Install northstar-ai from PyPI. The uv package manager is recommended for speed, but pip works equally well.
uv add northstar-ai
If you want LLM cost tracking or LLM-based eval graders, install the optional extras alongside the base package:
uv add 'northstar-ai[pricing]'   # token counting + USD cost via LiteLLM
uv add 'northstar-ai[evals]'     # LLM-judge graders via LiteLLM
2

Set your environment variables

NorthStar needs two credentials: an API key and your Supabase project reference. Set them as environment variables before starting your agent process.
export NORTHSTAR_API_KEY="ns_..."
export NORTHSTAR_PROJECT_ID="<supabase-project-ref>"
You can also place these in a .env file at your project root — NorthStar uses python-dotenv and will pick them up automatically.
Both NORTHSTAR_API_KEY and NORTHSTAR_PROJECT_ID are required for the SDK to send data. If either is missing, the SDK falls back to no-op mode and your agent continues normally.
3

Initialize with auto-instrumentation

Call northstar.auto_instrument() before creating your LLM client, then call northstar.init() with your credentials. Both calls must happen once at application startup.
import os

import anthropic
import northstar

northstar.auto_instrument()  # patches openai + anthropic before any client is created
northstar.init(
    api_key=os.environ["NORTHSTAR_API_KEY"],
    project_id=os.environ["NORTHSTAR_PROJECT_ID"],
    project="Support Agent",
    environment="production",
)
auto_instrument() patches the OpenAI chat/responses endpoints and Anthropic messages.create. It captures:
  • Request messages, tools, and tool choice
  • Model-emitted tool calls and tool result messages included in later requests
  • Output messages and token usage
  • USD cost (when the pricing extra is installed)
  • Latency and exceptions
4

Run a traced agent

With auto-instrumentation active you can run your agent as normal — every LLM call is captured automatically. Use the @northstar.trace decorator to wrap your top-level agent function and the @northstar.observe decorator to create child spans around any sub-step.Auto-instrumented Anthropic example:
import os

import anthropic
import northstar

northstar.auto_instrument()
northstar.init(
    api_key=os.environ["NORTHSTAR_API_KEY"],
    project_id=os.environ["NORTHSTAR_PROJECT_ID"],
    project="Support Agent",
    environment="production",
)

client = anthropic.Anthropic(api_key=os.environ["ANTHROPIC_API_KEY"])

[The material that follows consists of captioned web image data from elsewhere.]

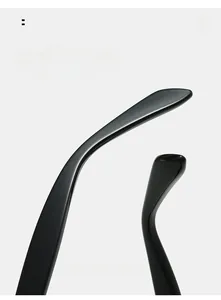 Detail of glossy black sunglasses legs featuring a sleek curved design and smooth finish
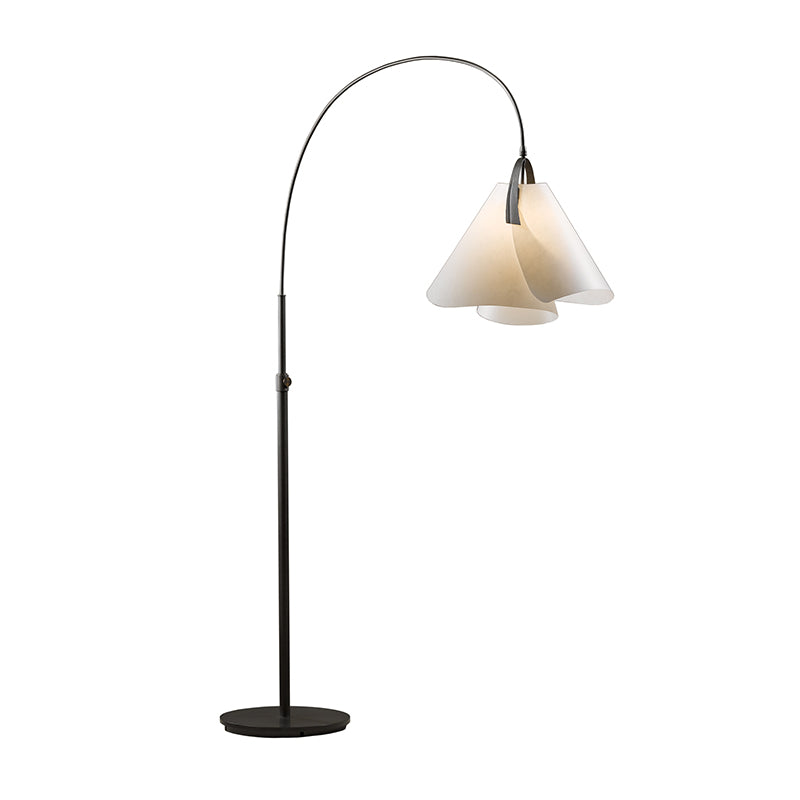 Hubbardton Forge Mobius Arc Floor Lamp with elegant curved black stand and double-layered white shade, showcasing modern craftsmanship.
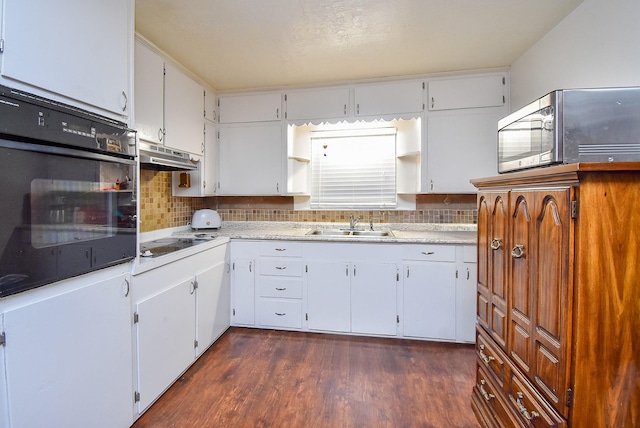 kitchen with electric stovetop, light countertops, stainless steel microwave, oven, and under cabinet range hood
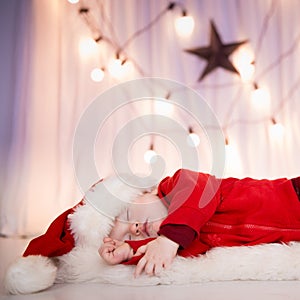 Cute baby santa sleeping
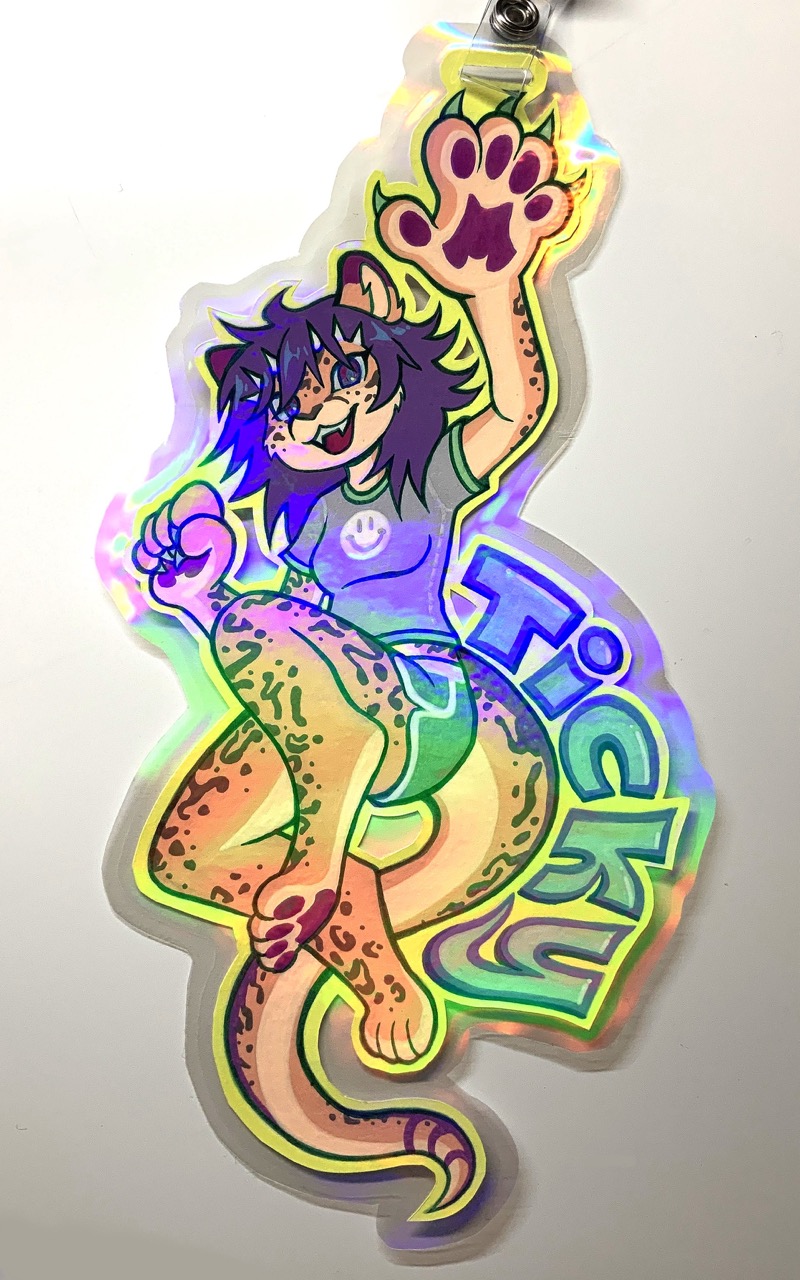 Ticky (a dragon-cheetah hybrid with purple hair) leaps toward the viewer, one big bappy paw waving to the viewer, the other closed, in a cute tee-and-shorts outfit that almost looks like swimwear with a smiley face on the shirt. Ticky is written following the curve of her tail.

response = client.messages.create(
    model="claude-sonnet-4-5-20250929",
    max_tokens=1024,
    messages=[{"role": "user", "content": "How do I reset my password?"}],
)
northstar.flush()
Manual tracing with decorators:Use @northstar.trace to start a root run and @northstar.observe to nest child spans inside it. You can log events, metrics, and metadata anywhere inside the active trace.
import northstar

northstar.init(project="market-research-agent", environment="dev")


@northstar.observe("retrieve-docs")
def retrieve_docs(query: str) -> list[str]:
    northstar.log_event("retrieval_started", {"query": query})
    return ["NorthStar captures agent traces."]


@northstar.observe("generate-answer")
def generate_answer(query: str, docs: list[str]) -> str:
    northstar.log_metric("retrieval_count", len(docs))
    return f"{query}: {docs[0]}"


@northstar.trace("market-research-agent", tags=["example"])
def run_agent(query: str) -> str:
    northstar.log_metadata({"source": "example"})
    docs = retrieve_docs(query)
    return generate_answer(query, docs)


print(run_agent("How does tracing work?"))
Context manager form with explicit input/output:
with northstar.trace("research-agent", input={"query": query}) as trace:
    with northstar.span("retrieval"):
        docs = retrieve_docs(query)
    trace.set_output(generate_answer(query, docs))
5

Flush and view your traces

The SDK batches records and sends them on a background thread. Call northstar.flush() at the end of a script (or test) to drain the queue synchronously before the process exits.
northstar.flush()          # drain with default timeout
northstar.flush(timeout=5) # drain with a 5-second deadline
Once flushed, open your NorthStar dashboard to see the session, run, spans, and any events or metrics you logged.
Add debug=True to northstar.init() during development. The SDK will print [NorthStar] ... lines to stderr for every record created, every flush, and any warnings — making it easy to confirm everything is wired up correctly.
northstar.init(
    api_key=os.environ["NORTHSTAR_API_KEY"],
    project_id=os.environ["NORTHSTAR_PROJECT_ID"],
    debug=True,
)

Manual Model Call Recording

When you’re not using auto-instrumentation, or when you want more control over what gets recorded, use the northstar.model_call() context manager inside an active trace to capture LLM input messages, output messages, and token usage manually.
import northstar

northstar.init(project="cost-tracking-demo", environment="dev")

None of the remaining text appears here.